#### PROPOSITION 11.

In a given circle to inscribe an equilateral and equiangular pentagon.

Let ABCDE be the given circle; thus it is required to inscribe in the circle ABCDE an equilateral and equiangular pentagon.

Let the isosceles triangle FGH be set out having each of the angles at G, H double of the angle at F; [IV. 10] let there be inscribed in the circle ABCDE the triangle ACD equiangular with the triangle FGH, so that the angle CAD is equal to the angle at F and the angles at G, H respectively equal to the angles ACD, CDA; [IV. 2] therefore each of the angles ACD, CDA is also double of the angle CAD.

Now let the angles ACD, CDA be bisected respectively by the straight lines CE, DB [I. 9], and let AB, BC, DE, EA be joined.

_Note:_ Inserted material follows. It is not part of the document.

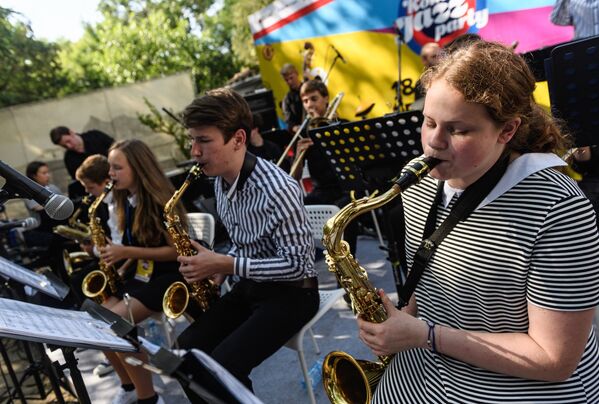 Музыканты джазового оркестра детской школы искусств департамента культуры Москвы выступают на Волошинской сцене фестиваля Koktebel Jazz Party 2017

Then, since each of the angles ACD, CDA is double of the angle CAD, and they have been bisected by the straight lines CE, DB, therefore the five angles DAC, ACE, ECD, CDB, BDA are equal to one another.

But equal angles stand on equal circumferences; [III. 26] therefore the five circumferences AB, BC, CD, DE, EA are equal to one another.

But equal circumferences are subtended by equal straight lines; [III. 29] therefore the five straight lines AB, BC, CD, DE, EA are equal to one another;

therefore the pentagon ABCDE is equilateral.

I say next that it is also equiangular.

For, since the circumference AB is equal to the circumference DE, let BCD be added to each;

therefore the whole circumference ABCD is equal to the whole circumference EDCB.

And the angle AED stands on the circumference ABCD, and the angle BAE on the circumference EDCB;

therefore the angle BAE is also equal to the angle AED. [III. 27]

For the same reason each of the angles ABC, BCD, CDE is also equal to each of the angles BAE, AED;

therefore the pentagon ABCDE is equiangular.

But it was also proved equilateral;

therefore in the given circle an equilateral and equiangular pentagon has been inscribed. Q. E. F.